On Fri, 2005-09-23 at 10:01 -0400, John Peacock wrote:
Timo Sirainen wrote:
The point is to have a mailbox format where the mailbox can consist of one or more files. Grouping multiple files in a single file makes it faster to read, but it's slower to expunge mails from the beginning of the file. So this format would allow sysadmin to specify rules on how large the files would be allowed to grow.
This seems like a lot of complexity for an unknown amount of performance. Sure, it is going to be loads faster than multi-megabyte mbox mailboxes, but you can color me unconvinced that this will be a significant win over maildir. The primary advantage to maildir is the utter simplicity of all operations; at no time do you need to completely rewrite any files and all operations are 100% atomic. The index format under maildir is also very simple, since you only need to keep track of the filename (and flags) rather than filename and offset and flags. And with modern filesystems, disk access is intelligently cached.
I think it'd need some benchmarking :) It depends quite a lot on filesystem, but opening and reading a single file is still a lot faster in all filesystems compared to opening and reading thousands of files. That's probably not a common operation for IMAP clients, but with POP3 the behavior is often to just read all new mails and delete the existing ones.
Besides just raw throughput the new format would allow higher concurrency with multiple clients reading/writing the mailbox. While maildir theoretically doesn't have any locks, in practise it needs them with all existing filesystems or mails gets temporarily lost and Dovecot starts giving errors.
While the maildir format itself is simple, it's actually really difficult to handle correctly when the maildir is changing under us. Files can be renamed at any time so you'll have to be prepared to look for the file's new name at any time. Filesystems also don't work the way maildir assumes they do, so you have to work around their limitations too.
There probably are also other reasons why people don't like maildir, which I don't really remember now.
If you are trying to tune for where there are significant numbers of very small (< 2k) files (well smaller than the typical block size in the underlying filesystem), you may be aiming too small. It looks like the median file size in my maildir folders is about 3100 bytes. What sizes were you thinking the typical admin would set as the limit?

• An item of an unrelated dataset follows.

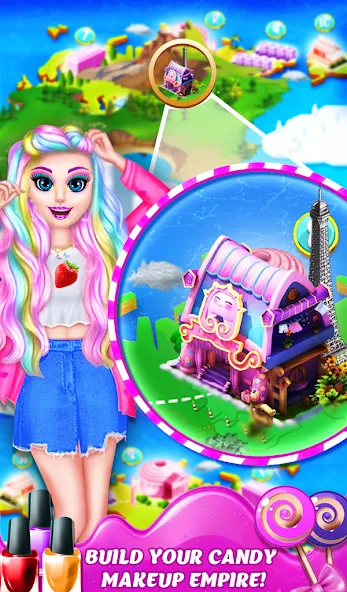 Скачать DIY Candy Makeup-Beauty Salon MOD APK — Безлимитные монеты и всё открыто — скриншот 4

I thought a few megabytes per file might be good. Large enough for full mailbox reads to be fast but not so large that expunging messages from the middle would cause too much I/O.
This could possibly be also automatically set per mailbox. If user always expunges all mails at a time (POP3) or never expunges (mailing list archives), there would be only a single file.
Personally, I think your time would be better spent integrating a database message store and let the database engine deal with storage and indexing issues. YMMV. ;-)
I think SQL database as a mail store would have much worse performance than with any filesystem based mail store.
Anyway, I wouldn't mind having Dovecot support SQL databases (or other kind of databases). If you really want it, you can always pay for it to get implemented on my work time, which is what's happening with this mailbox format :)